President of Fort Valley State University
- In office 2006–2013
- Preceded by: Kofi Lomotey
- Succeeded by: Ivelaw Griffith

Personal details
- Born: 1950 (age 74–75) Philadelphia, Pennsylvania, U.S.
- Spouse: Betty Jean Hubbard
- Children: 2
- Education: Fort Valley State University (BA), Villanova University (MA), Carnegie Mellon University (PhD), University of London (PhD)
- Occupation: Academic administrator, former college president, historian, history professor, author

= Larry Eugene Rivers =

American academic administrator, educator, historian (born 1950)

Larry Eugene Rivers (born 1950) is an American academic administrator, former college president, history professor, and author. He served as President of Fort Valley State University.

== Biography and education ==
Larry Eugene Rivers was born in 1950, in the Sharon Hill section of Philadelphia, Pennsylvania. He is Baptist.

He has a bachelor's degree from Fort Valley State University, and a master's degree from Villanova University. He received doctorate degrees from Carnegie Mellon University, and the University of London. His thesis for his doctorate from the University of London was "Florida's Dissenters, Rebels, and Runaways: Territorial Days to Emancipation" (2002).

Rivers married Betty Jean Hubbard, who worked for the City of Tallahassee, and has two sons.

== Career ==
From 2002 until 2006, Rivers served as Dean of the college of arts and sciences at Florida A&M University, where he was a colleague of Canter Brown Jr.

In 2006, Rivers became the president of his alma mater Fort Valley State University in Fort Valley, Georgia, following the departure of Kofi Lomotey. He held that role until 2013, and succeeded by Ivelaw Griffith.
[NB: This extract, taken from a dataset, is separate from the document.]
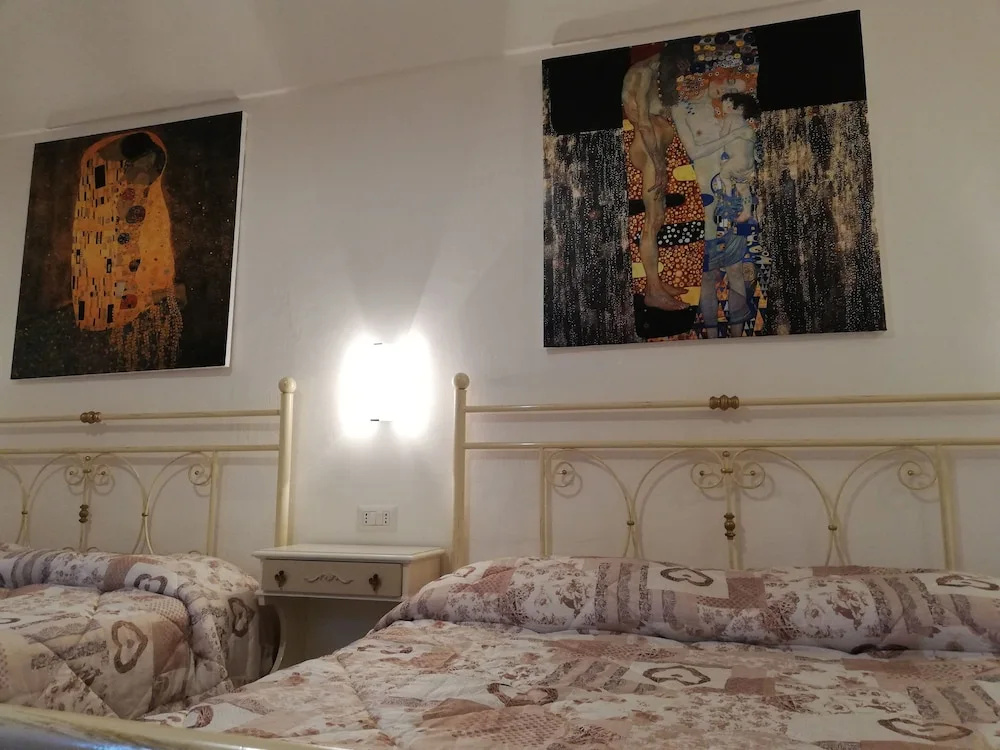 B&B Camere Montalto Centro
He was a history professor at Valdosta State University (VSU) in Valdosta, Georgia from 2013 to 2017.

==Bibliography==
- Rivers, Larry Eugene (2001). "Laborers in the Vineyard of the Lord: The Beginnings of the AME Church in Florida, 1865–1895"
- Larry Eugene Rivers (2008). "Slavery in Florida: Territorial Days to Emancipation"
- The Varieties of Women's Experiences: Portraits of Southern Women in the Post-Civil War Century. Gainesville: University Press of Florida, 2010. (with Canter Brown, co-ed.)
- Mary Edwards Bryan : Her Early Life and Works University Press of Florida, 2016. (with Canter Brown Jr.)
- Rebels and Runaways: Slave Resistance in 19th Century Florida. University of Illinois Press, 2017.
- Father James Page: An Enslaved Preacher's Climb to Freedom. Johns Hopkins University Press, 2021.